Fun article at Slate.com by mom and author Emily Yoffe, who polled her 11-year-old's peer group about the question implied in the headline. Among other things, the "focus group" confirmed (qualitatively, anyway) my suspicion that one of the appeals (for the kids) of online play is that it's just kid stuff right now - Mom or Dad can't possibly know about all the sites they use and if s/he does, s/he doesn't have time to keep up with all their ins and outs. It'll be a while before we catch up with our digerati, kids know very well.

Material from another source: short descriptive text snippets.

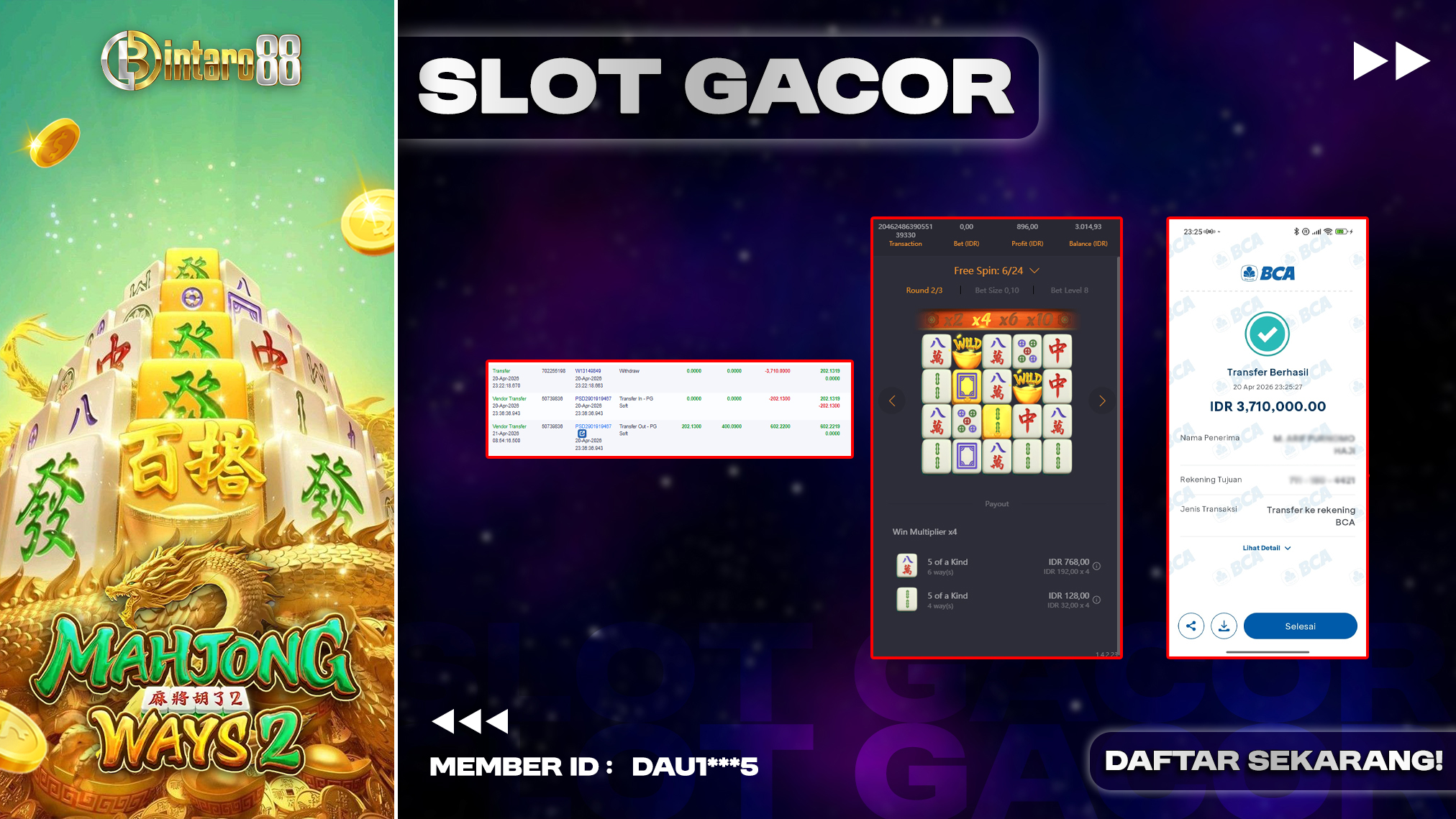 BINTARO88 [21 APRIL 2026] : BUKTI RESMI PEMBAYARAN KEMENANGAN SLOT : MAHJONG WAYS 2 (PGSOFT) Rp 3.710.000,- LUNAS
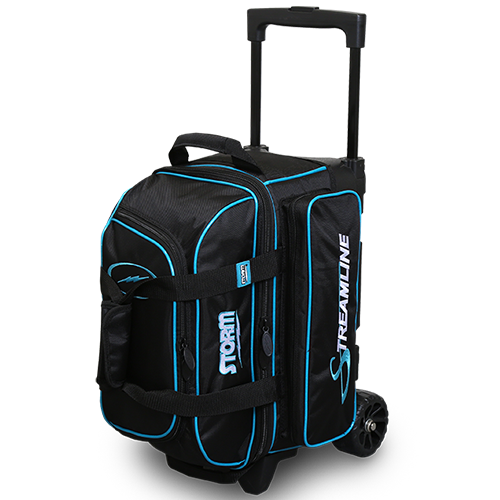 Storm Streamline 2 Ball Roller Bowling Bag - Black/Blue - Perfect for League Play & Tournament Travel - Durable Bowling Gear with Wheels for Easy Transport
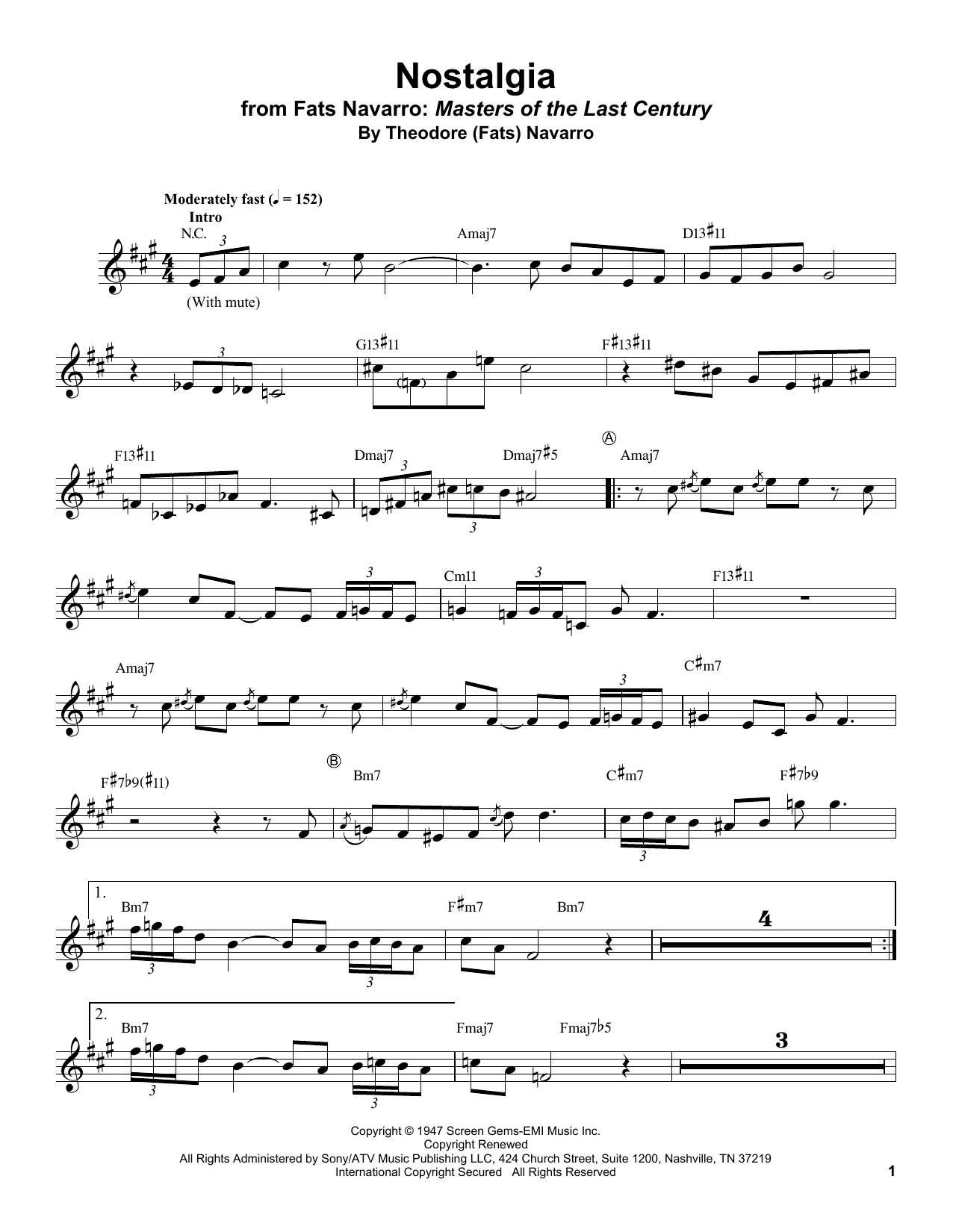 Fats Navarro Nostalgia Sheet Music Notes & Chords for Trumpet Transcription - Download or Print PDF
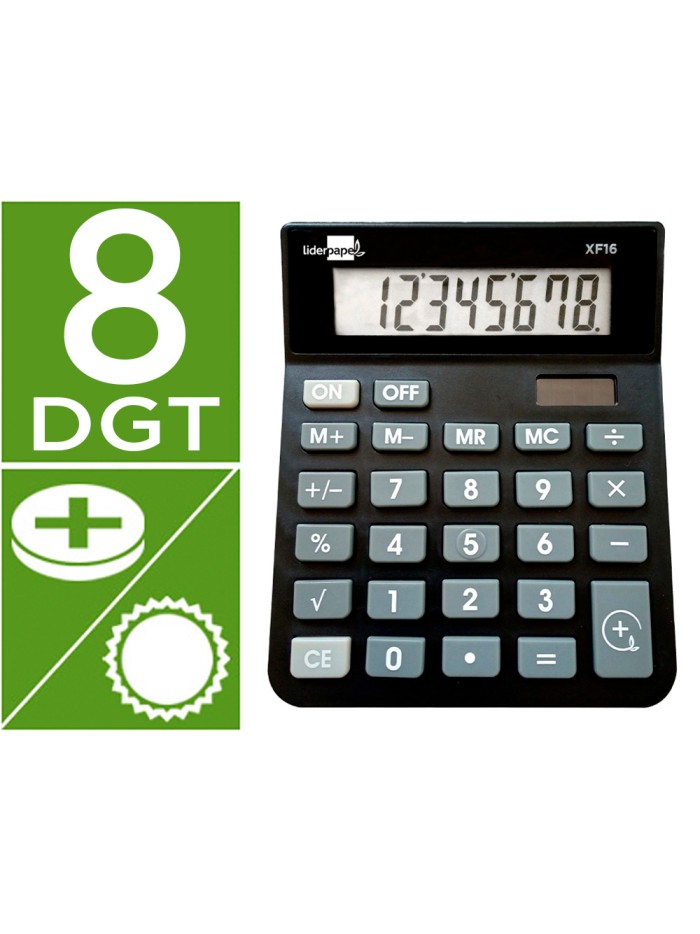 Calculadora liderpapel sobremesa xf16 8 digitos solar y pilas color negro 127x105x24 mm Calculadora liderpapel sobremesa xf16 8 digitos solar y pilas color negro 127x105x24 mm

Anyway, with the group, Emily visits several tween-targeting virtual-world sites that have some things in common, including buying stuff for your avatar with virtual money. "To purchase this fake clothing and furniture [in virtual world sites] requires fake money, and to earn it, players are required to play a series of arcade-style games. What better lesson can we teach our kids: If you've just blown through your home-equity loan, you can always avoid bankruptcy by spending a couple of days in Vegas." The kids, she found, don't ask Mom or Dad to pay for the paid version of these sites because that would only "draw undue attention to [the kids' online] leisure activities." So her daughter and friends currently prefer a site by General Mills called Millberry.com.

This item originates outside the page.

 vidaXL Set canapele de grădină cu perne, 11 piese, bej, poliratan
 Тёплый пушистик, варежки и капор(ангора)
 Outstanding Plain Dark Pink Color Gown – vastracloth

As for avatar friends in these virtual worlds (e.g., ClubPenguin), one child "thought the befriending feature was something of a sham. First of all, these penguin friendships were too meaningless even for kids who do much of their real-life socializing online. Second of all, because she wasn't a [paying] member, Ellie was embarrassed to invite people to her barren igloo because it looked 'pathetic'." Many parents will sympathize with Emily's conclusion about the sadness of on-screen play replacing the old hands-on kind we pre-Digital Age types engaged in. But the nostalgia in this response, plus too much exposure to very negative media and political hype about online risks, may keep us from helping our kids take advantage of the benefits of the social Web for youth.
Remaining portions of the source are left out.